▸ **THE PROBLEM**
In the material below, find the span from the line with "Retail $500 BONOBOS" to the line with "toggled 48 in.16-Watt" and transcribe only those lines, exactly, ends included, without the pictures.

▸ **INPUT FOR THIS TASK**
◆ ◆ ◆ ◆ ◆

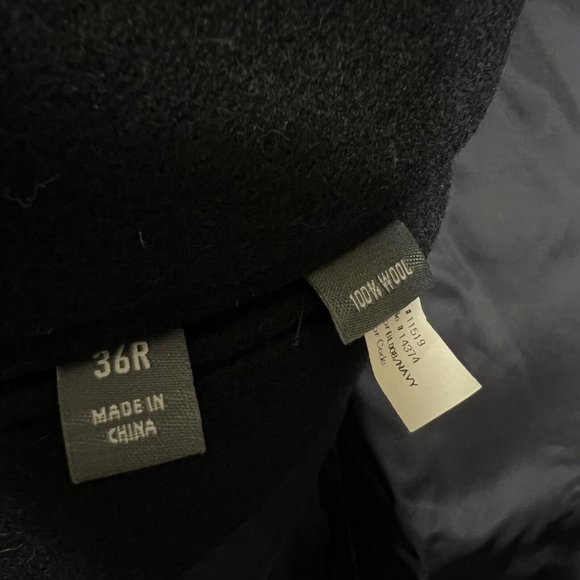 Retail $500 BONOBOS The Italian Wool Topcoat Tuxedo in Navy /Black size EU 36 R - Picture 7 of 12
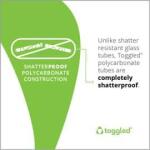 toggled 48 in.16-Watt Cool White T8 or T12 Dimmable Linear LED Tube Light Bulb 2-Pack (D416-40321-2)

◆ ◆ ◆ ◆ ◆

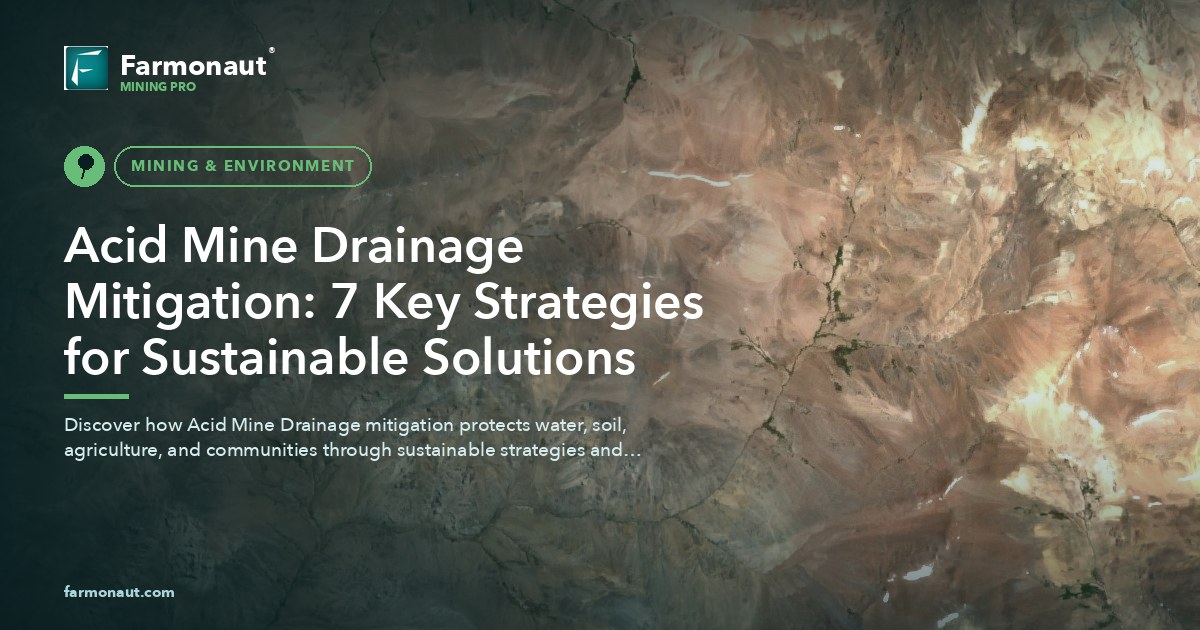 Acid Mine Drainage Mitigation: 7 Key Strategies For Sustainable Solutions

◆ ◆ ◆ ◆ ◆

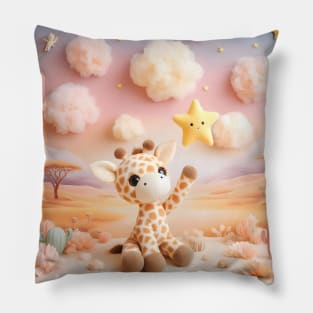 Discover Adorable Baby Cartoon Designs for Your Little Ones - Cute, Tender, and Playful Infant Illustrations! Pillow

◆ ◆ ◆ ◆ ◆

▸ **SOLVED PROBLEM**
 Retail $500 BONOBOS The Italian Wool Topcoat Tuxedo in Navy /Black size EU 36 R - Picture 7 of 12
 toggled 48 in.16-Watt Cool White T8 or T12 Dimmable Linear LED Tube Light Bulb 2-Pack (D416-40321-2)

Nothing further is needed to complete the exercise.